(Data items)

┄┄┄┄┄┄

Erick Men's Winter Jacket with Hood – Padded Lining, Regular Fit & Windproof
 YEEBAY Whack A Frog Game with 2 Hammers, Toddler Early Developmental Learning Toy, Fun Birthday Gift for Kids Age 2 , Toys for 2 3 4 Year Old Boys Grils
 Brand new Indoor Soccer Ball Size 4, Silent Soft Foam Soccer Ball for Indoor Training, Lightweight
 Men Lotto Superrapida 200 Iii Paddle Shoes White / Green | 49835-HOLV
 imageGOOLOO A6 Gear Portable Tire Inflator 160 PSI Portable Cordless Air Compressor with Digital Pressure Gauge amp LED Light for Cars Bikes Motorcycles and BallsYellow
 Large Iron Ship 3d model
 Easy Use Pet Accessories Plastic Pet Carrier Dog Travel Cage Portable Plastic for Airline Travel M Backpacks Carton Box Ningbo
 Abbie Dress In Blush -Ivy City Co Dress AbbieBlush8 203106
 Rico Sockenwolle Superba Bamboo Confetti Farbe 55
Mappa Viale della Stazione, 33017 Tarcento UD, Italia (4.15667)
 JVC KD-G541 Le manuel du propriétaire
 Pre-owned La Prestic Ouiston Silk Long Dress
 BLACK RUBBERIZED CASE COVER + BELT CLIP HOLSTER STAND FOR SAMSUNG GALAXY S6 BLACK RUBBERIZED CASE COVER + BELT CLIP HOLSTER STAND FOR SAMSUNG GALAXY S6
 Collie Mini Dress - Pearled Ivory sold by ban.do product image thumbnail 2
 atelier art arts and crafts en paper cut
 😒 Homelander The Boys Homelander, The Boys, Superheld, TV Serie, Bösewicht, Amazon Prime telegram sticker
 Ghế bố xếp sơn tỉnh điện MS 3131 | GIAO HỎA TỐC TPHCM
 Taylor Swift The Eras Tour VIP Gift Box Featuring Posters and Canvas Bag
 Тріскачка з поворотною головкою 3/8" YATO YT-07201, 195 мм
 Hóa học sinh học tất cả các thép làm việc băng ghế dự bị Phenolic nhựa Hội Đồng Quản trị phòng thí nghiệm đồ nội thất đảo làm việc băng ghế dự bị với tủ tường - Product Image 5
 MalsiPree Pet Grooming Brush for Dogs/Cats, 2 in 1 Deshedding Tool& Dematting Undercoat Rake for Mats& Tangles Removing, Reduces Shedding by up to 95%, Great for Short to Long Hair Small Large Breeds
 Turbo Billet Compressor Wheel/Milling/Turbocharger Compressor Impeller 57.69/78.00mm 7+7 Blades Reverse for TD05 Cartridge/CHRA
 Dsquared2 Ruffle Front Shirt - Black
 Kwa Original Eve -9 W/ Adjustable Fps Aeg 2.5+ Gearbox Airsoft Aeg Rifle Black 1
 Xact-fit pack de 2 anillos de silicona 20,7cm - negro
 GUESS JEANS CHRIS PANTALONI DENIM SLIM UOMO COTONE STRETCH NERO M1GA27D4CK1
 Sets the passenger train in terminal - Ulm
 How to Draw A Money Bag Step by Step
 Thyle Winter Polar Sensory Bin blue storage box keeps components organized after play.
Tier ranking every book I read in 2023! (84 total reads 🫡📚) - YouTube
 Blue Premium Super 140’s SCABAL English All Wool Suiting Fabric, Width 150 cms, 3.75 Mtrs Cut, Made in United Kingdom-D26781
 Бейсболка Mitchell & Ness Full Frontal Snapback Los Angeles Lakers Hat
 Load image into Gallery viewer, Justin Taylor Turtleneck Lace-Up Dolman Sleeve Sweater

┄┄┄┄┄┄

EXERCISE DETAILS: What you give back must be the stretch above, starting at the line with "Kwa Original Eve" and ending at the line with "Thyle Winter Polar", copied exactly.

WRITTEN REPLY:
 Kwa Original Eve -9 W/ Adjustable Fps Aeg 2.5+ Gearbox Airsoft Aeg Rifle Black 1
 Xact-fit pack de 2 anillos de silicona 20,7cm - negro
 GUESS JEANS CHRIS PANTALONI DENIM SLIM UOMO COTONE STRETCH NERO M1GA27D4CK1
 Sets the passenger train in terminal - Ulm
 How to Draw A Money Bag Step by Step
 Thyle Winter Polar Sensory Bin blue storage box keeps components organized after play.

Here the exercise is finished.